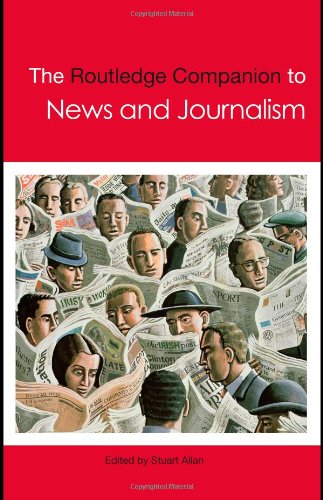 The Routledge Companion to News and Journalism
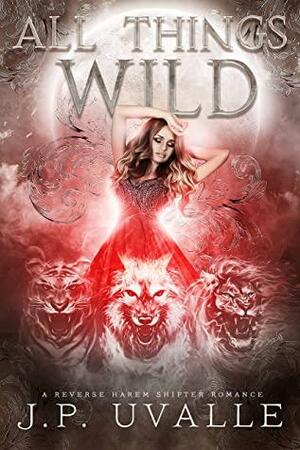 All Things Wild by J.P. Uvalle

==

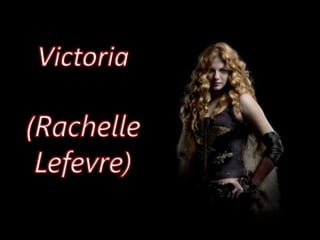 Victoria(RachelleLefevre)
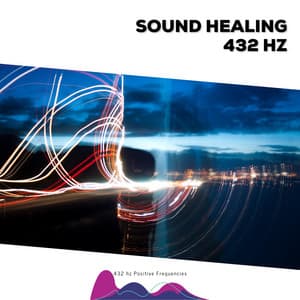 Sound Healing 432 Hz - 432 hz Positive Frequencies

*Task*: Beginning with the line above that contains "The Routledge Companion" and finishing with the line that contains "All Things Wild by J.P. Uvalle", print those lines exactly and only. Skip all pictures.

*Output*:
 The Routledge Companion to News and Journalism
 All Things Wild by J.P. Uvalle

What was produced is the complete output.